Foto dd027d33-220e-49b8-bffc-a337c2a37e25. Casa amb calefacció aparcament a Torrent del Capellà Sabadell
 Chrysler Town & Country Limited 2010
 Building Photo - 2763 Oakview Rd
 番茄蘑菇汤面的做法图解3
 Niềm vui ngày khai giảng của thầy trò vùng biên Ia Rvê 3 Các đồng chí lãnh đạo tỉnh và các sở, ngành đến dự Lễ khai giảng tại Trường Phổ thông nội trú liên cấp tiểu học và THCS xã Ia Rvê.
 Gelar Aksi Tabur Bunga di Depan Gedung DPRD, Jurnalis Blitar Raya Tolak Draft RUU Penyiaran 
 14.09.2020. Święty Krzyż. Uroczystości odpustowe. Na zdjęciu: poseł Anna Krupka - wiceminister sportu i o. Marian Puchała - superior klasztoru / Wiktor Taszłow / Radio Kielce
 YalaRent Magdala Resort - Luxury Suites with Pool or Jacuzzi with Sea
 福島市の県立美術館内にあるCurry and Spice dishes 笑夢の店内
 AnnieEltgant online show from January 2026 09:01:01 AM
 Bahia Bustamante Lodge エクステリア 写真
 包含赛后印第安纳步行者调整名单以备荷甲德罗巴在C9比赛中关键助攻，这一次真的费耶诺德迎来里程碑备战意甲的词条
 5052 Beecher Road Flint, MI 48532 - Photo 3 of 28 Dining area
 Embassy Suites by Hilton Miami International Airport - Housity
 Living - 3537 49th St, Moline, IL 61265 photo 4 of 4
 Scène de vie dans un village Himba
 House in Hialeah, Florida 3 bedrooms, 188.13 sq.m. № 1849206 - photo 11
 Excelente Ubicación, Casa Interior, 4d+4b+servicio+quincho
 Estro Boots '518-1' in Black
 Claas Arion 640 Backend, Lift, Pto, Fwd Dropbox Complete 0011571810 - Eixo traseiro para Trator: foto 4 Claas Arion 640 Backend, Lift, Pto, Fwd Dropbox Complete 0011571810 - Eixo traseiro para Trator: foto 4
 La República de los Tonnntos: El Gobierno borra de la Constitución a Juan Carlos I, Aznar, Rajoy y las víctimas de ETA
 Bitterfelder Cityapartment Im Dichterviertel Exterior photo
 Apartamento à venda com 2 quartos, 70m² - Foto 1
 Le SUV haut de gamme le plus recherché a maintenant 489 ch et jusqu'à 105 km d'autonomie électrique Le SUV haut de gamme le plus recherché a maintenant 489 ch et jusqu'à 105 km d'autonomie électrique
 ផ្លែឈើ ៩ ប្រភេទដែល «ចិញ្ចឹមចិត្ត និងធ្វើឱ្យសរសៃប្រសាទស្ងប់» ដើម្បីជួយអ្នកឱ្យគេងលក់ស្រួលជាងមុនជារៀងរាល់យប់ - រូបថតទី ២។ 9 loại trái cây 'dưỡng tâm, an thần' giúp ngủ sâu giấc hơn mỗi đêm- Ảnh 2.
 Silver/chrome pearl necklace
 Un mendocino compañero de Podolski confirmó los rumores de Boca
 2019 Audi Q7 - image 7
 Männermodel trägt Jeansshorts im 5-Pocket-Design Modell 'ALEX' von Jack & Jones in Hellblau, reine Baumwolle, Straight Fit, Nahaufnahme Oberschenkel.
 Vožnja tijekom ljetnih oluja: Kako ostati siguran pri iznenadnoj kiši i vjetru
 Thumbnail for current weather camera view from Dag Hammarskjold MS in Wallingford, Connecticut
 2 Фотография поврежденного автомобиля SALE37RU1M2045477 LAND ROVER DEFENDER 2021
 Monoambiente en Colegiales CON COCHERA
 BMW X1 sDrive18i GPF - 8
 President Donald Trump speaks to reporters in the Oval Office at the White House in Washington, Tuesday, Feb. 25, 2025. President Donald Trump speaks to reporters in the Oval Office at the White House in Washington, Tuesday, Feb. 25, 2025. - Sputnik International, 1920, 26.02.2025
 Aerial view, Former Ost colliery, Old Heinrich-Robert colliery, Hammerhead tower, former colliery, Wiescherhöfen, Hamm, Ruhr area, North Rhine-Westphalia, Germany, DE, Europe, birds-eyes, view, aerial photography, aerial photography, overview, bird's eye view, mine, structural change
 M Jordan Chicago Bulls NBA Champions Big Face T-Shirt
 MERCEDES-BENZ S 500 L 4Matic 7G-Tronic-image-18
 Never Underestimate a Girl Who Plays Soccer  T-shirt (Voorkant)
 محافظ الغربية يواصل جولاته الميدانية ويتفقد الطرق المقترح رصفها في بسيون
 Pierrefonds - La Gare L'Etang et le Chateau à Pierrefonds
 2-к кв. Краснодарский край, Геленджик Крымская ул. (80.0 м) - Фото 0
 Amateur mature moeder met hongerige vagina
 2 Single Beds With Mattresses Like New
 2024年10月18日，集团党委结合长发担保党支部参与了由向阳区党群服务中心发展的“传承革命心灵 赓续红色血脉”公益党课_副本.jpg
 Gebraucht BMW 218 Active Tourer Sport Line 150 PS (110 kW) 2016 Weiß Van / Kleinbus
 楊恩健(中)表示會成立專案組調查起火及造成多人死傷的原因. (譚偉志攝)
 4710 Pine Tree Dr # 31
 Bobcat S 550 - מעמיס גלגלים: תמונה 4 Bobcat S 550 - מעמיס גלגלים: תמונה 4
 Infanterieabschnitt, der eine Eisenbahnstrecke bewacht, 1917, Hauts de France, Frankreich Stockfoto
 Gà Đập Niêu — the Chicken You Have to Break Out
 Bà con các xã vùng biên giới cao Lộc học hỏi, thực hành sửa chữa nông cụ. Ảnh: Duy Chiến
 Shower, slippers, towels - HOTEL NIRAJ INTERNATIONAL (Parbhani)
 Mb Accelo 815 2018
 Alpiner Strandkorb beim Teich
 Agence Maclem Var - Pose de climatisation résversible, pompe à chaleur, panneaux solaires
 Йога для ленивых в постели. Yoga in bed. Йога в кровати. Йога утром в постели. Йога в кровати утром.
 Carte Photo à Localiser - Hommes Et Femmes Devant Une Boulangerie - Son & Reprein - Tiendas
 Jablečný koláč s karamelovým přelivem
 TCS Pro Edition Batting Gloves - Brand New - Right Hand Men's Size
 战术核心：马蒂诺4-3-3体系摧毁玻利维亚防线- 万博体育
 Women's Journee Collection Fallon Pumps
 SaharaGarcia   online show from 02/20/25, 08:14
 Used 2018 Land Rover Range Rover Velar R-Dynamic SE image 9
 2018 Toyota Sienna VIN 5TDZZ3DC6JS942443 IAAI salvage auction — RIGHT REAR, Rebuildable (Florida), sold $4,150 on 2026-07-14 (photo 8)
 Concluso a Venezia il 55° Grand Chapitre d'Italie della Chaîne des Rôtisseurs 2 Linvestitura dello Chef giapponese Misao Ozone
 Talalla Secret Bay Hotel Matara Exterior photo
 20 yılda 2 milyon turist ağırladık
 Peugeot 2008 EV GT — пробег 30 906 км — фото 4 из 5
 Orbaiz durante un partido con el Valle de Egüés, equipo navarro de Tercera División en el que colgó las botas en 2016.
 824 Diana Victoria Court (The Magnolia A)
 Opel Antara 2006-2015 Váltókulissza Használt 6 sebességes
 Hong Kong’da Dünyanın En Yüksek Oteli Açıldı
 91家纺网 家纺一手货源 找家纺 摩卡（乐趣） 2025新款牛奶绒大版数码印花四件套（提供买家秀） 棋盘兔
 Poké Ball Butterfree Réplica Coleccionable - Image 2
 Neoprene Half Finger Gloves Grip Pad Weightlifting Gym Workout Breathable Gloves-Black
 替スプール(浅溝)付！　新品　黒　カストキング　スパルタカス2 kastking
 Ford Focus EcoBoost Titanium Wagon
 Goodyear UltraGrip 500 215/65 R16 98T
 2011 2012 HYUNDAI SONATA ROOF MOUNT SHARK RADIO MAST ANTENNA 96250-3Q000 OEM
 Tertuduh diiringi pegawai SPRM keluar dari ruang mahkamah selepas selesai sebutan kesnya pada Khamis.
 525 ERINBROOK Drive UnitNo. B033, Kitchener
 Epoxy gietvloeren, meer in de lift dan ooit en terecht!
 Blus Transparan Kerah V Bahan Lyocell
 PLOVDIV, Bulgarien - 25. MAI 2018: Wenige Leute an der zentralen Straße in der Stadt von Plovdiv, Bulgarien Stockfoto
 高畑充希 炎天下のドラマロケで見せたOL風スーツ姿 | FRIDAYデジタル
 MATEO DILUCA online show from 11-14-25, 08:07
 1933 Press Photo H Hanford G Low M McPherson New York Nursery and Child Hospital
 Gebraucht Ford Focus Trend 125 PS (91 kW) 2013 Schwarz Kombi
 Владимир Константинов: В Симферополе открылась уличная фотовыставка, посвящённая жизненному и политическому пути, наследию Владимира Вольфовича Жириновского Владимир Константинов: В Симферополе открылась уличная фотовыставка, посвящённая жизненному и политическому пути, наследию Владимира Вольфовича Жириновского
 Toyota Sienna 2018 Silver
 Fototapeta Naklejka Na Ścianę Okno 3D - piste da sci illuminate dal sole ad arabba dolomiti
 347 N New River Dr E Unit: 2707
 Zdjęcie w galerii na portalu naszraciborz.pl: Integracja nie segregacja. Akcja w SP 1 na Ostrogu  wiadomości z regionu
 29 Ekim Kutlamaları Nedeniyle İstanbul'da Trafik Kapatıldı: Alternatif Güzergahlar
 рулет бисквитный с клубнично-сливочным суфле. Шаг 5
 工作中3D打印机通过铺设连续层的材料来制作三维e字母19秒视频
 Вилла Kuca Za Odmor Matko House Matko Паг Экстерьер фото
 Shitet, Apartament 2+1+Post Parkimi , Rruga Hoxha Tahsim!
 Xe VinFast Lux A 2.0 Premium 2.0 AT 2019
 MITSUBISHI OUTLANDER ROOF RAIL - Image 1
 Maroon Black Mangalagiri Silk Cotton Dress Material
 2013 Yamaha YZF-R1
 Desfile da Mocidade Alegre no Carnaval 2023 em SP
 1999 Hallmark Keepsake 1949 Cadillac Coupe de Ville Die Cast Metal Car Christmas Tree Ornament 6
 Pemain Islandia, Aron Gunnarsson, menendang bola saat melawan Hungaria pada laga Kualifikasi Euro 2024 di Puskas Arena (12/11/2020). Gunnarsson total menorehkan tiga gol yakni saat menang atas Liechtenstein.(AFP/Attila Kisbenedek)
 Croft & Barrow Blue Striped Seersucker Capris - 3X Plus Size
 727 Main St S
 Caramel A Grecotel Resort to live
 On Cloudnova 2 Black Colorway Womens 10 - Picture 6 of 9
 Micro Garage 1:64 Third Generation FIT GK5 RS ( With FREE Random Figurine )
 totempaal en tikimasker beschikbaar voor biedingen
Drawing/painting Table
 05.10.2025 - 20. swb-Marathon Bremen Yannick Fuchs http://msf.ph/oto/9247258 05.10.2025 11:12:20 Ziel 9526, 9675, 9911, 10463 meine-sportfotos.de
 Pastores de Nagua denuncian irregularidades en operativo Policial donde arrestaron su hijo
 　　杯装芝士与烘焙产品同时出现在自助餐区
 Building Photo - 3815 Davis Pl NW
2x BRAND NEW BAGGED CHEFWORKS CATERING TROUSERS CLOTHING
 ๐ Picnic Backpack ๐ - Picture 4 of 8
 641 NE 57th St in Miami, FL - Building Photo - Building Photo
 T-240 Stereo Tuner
■ ■ ■
▶ **Problem**
From the first line of the listing above to the line with "14.09.2020. Święty Krzyż.", please transcribe each line exactly, both ends included, and nothing beyond that.

▶ **Answer box**
Foto dd027d33-220e-49b8-bffc-a337c2a37e25. Casa amb calefacció aparcament a Torrent del Capellà Sabadell
 Chrysler Town & Country Limited 2010
 Building Photo - 2763 Oakview Rd
 番茄蘑菇汤面的做法图解3
 Niềm vui ngày khai giảng của thầy trò vùng biên Ia Rvê 3 Các đồng chí lãnh đạo tỉnh và các sở, ngành đến dự Lễ khai giảng tại Trường Phổ thông nội trú liên cấp tiểu học và THCS xã Ia Rvê.
 Gelar Aksi Tabur Bunga di Depan Gedung DPRD, Jurnalis Blitar Raya Tolak Draft RUU Penyiaran 
 14.09.2020. Święty Krzyż. Uroczystości odpustowe. Na zdjęciu: poseł Anna Krupka - wiceminister sportu i o. Marian Puchała - superior klasztoru / Wiktor Taszłow / Radio Kielce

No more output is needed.